CRS-4640 Error on Starting 11gR2 clusterware

I was working on a issue where in Clusterware was not coming up as private interface was down. Following errors were recorded in ocssd.log which informed that issue was with private interface

2011-08-31 15:03:38.051: [ CSSD][1090451776]clssnmvDHBValidateNCopy: node 2, testrac2, has a disk HB, but no network HB, DHB has rcfg 205815745, wrtcnt, 4418998, LATS 4634324, lastSeqNo 4418997, uniqueness 1314797539, timestamp 1314803017/4632384

Checking status of crs informed that the OHASD process was up and running but CRS,CSSD and EVMD processes were not running.

[root@testrac1 cssd]# /oragrid/product/11.2/bin/crsctl check crs
CRS-4638: Oracle High Availability Services is online
CRS-4535: Cannot communicate with Cluster Ready Services
CRS-4530: Communications failure contacting Cluster Synchronization Services daemon
CRS-4534: Cannot communicate with Event Manager

After fixing the interface issue, we tried starting CRS with ‘crsctl start crs‘ command and it failed with following errors

[root@testrac1 cssd]# /oragrid/product/11.2/bin/crsctl start crs
CRS-4640: Oracle High Availability Services is already active
CRS-4000: Command Start failed, or completed with errors.

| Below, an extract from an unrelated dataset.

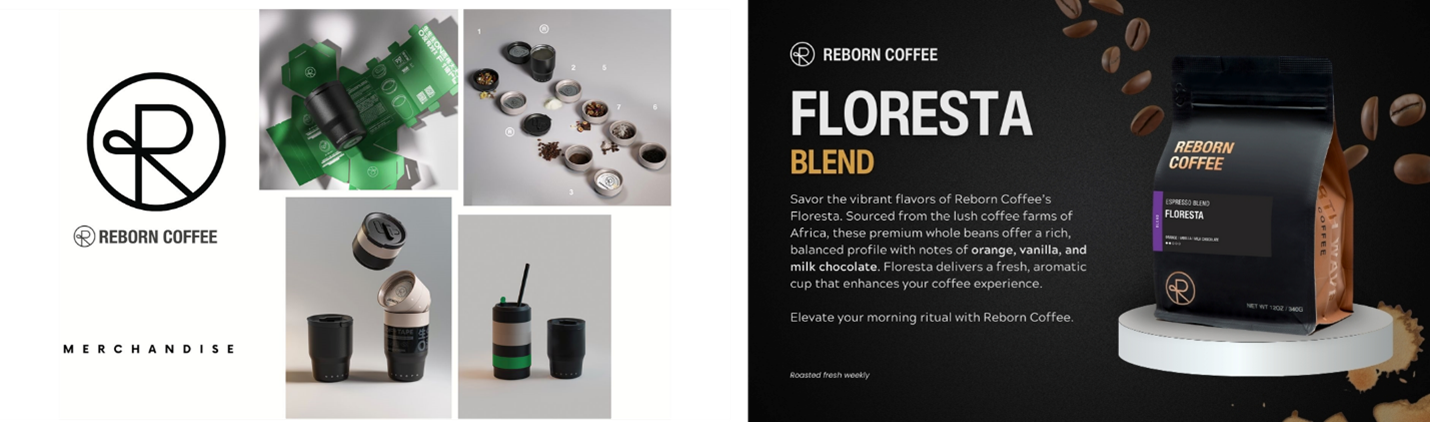 Reborn Coffee Launches on Amazon, Expanding OMNI-Channel Strategy for E-Commerce Growth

CRS-4640 is reported since OHASD is already running. In 11.2 OHASD is supposed to start the other dependent processes.

crsctl stop crs command failed

[root@testrac1 cssd]# /oragrid/product/11.2/bin/crsctl stop crs
CRS-2796: The command may not proceed when Cluster Ready Services is not running
CRS-4687: Shutdown command has completed with errors.
CRS-4000: Command Stop failed, or completed with errors.

Since ohasd was already running, I tried crsctl start cluster (this command requires ohasd to be up), and this command succeeded

[root@testrac1 cssd]# /oragrid/product/11.2/bin/crsctl start cluster
CRS-2672: Attempting to start 'ora.cssd' on 'testrac1'
CRS-2676: Start of 'ora.cssd' on 'testrac1' succeeded
CRS-2672: Attempting to start 'ora.cluster_interconnect.haip' on 'testrac1'
CRS-2672: Attempting to start 'ora.ctssd' on 'testrac1'
CRS-2676: Start of 'ora.ctssd' on 'testrac1' succeeded
CRS-2672: Attempting to start 'ora.crsd' on 'testrac1'
CRS-2672: Attempting to start 'ora.evmd' on 'testrac1'
CRS-2676: Start of 'ora.crsd' on 'testrac1' succeeded
CRS-5702: Resource 'ora.crsd' is already running on 'testrac1'
CRS-2676: Start of 'ora.evmd' on 'testrac1' succeeded
CRS-2676: Start of 'ora.cluster_interconnect.haip' on 'testrac1' succeeded
CRS-5702: Resource 'ora.cluster_interconnect.haip' is already running on 'testrac1'
CRS-4000: Command Start failed, or completed with errors.

[root@testrac1 ~]# /oragrid/product/11.2/bin/crsctl check crs
CRS-4638: Oracle High Availability Services is online
CRS-4537: Cluster Ready Services is online
CRS-4529: Cluster Synchronization Services is online
CRS-4533: Event Manager is online

Ideally crsctl start crs should be used to start the Clusterware components. But in case they fail to come up due to some issue (e.g voting disk inaccessible,interface issue) and you are in situation when ohasd is up then you can use crsctl start cluster to start the remaining clusterware processes after fixing underlying issue.I believe crsctl stop crs -f option can also be used, though I didn’t try it for this issue.